The task: Your answer must be the full listing, reproduced exactly, minus any pictures.

The data:
• • • • •

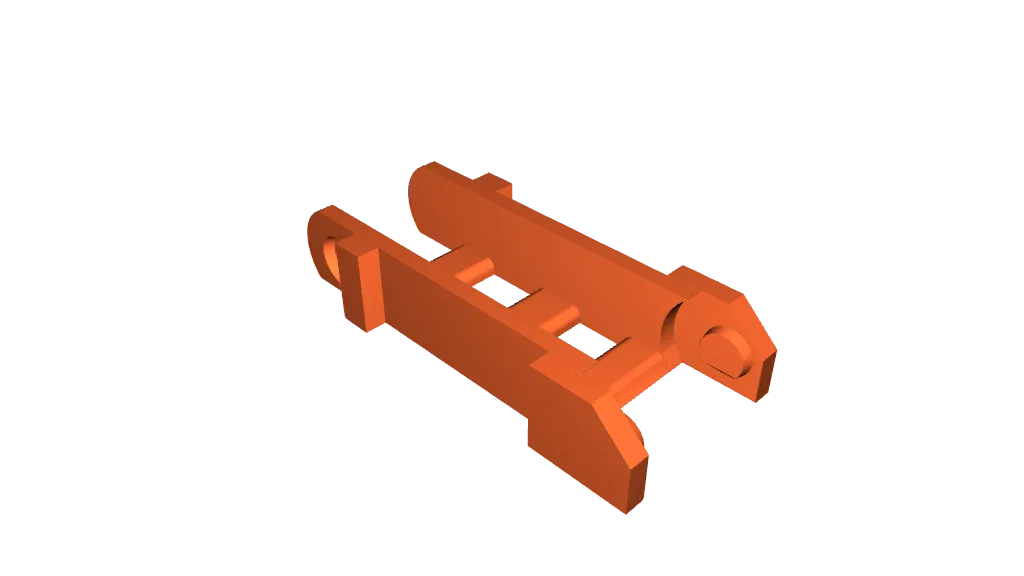 Kobra 3 Side Cable Chain with removable camera mount by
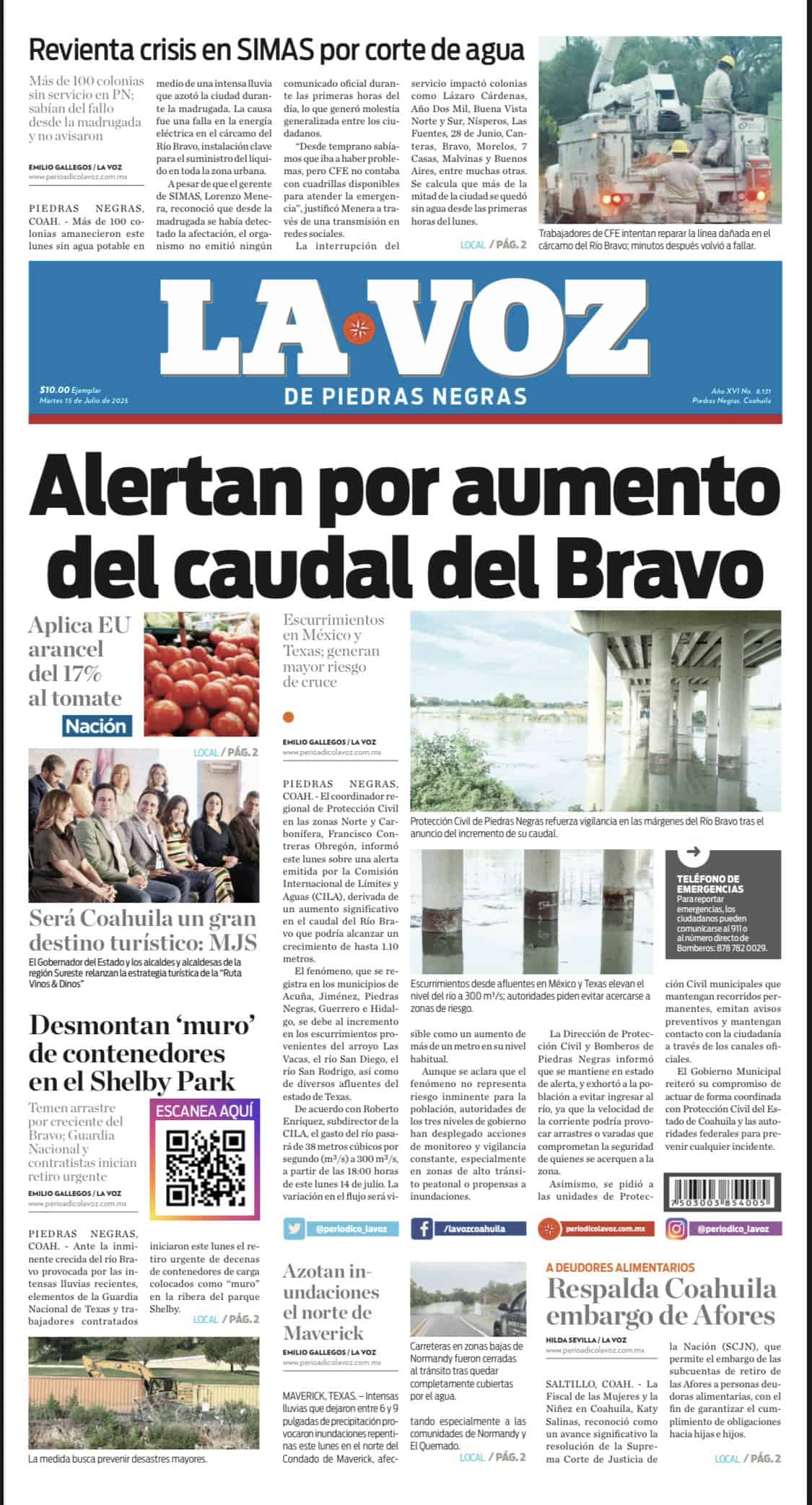 Portada Piedras Negras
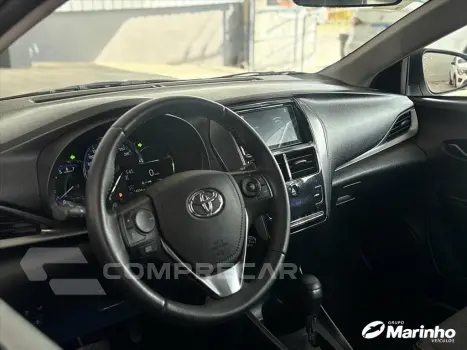 YARIS 1.5 16V FLEX SEDAN XS MULTIDRIVE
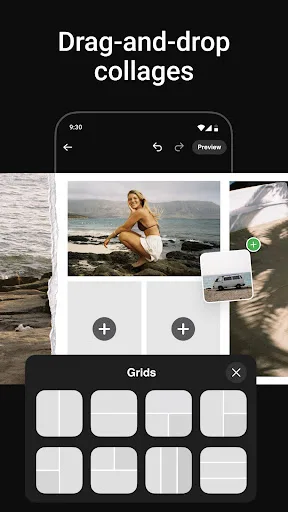 SCRL: Photo Collage Maker Android app screenshot 5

• • • • •

Exercise result:
 Kobra 3 Side Cable Chain with removable camera mount by
 Portada Piedras Negras
 YARIS 1.5 16V FLEX SEDAN XS MULTIDRIVE
 SCRL: Photo Collage Maker Android app screenshot 5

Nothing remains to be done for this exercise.